* RECORDS PROVIDED
------------------------------------------------------------------------

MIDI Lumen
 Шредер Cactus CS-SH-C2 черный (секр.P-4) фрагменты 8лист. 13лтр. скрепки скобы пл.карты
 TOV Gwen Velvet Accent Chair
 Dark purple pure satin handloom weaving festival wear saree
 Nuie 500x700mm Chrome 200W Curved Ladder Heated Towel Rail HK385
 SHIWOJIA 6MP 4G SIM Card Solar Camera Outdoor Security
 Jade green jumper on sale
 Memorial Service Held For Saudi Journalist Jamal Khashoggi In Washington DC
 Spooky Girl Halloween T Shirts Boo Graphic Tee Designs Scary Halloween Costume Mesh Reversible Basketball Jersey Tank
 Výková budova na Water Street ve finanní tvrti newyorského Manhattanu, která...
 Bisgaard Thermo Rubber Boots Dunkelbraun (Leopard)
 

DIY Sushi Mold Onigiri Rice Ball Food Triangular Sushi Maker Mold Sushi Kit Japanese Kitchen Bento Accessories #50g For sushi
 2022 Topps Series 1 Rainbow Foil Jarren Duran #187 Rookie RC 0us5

------------------------------------------------------------------------

* TASK DESCRIPTION
Make an exact copy of the lines running from the one with "TOV Gwen Velvet Accent Chair" to the last line of the listing, including both ends.

* EXERCISE OUTPUT
 TOV Gwen Velvet Accent Chair
 Dark purple pure satin handloom weaving festival wear saree
 Nuie 500x700mm Chrome 200W Curved Ladder Heated Towel Rail HK385
 SHIWOJIA 6MP 4G SIM Card Solar Camera Outdoor Security
 Jade green jumper on sale
 Memorial Service Held For Saudi Journalist Jamal Khashoggi In Washington DC
 Spooky Girl Halloween T Shirts Boo Graphic Tee Designs Scary Halloween Costume Mesh Reversible Basketball Jersey Tank
 Výková budova na Water Street ve finanní tvrti newyorského Manhattanu, která...
 Bisgaard Thermo Rubber Boots Dunkelbraun (Leopard)
 

DIY Sushi Mold Onigiri Rice Ball Food Triangular Sushi Maker Mold Sushi Kit Japanese Kitchen Bento Accessories #50g For sushi
 2022 Topps Series 1 Rainbow Foil Jarren Duran #187 Rookie RC 0us5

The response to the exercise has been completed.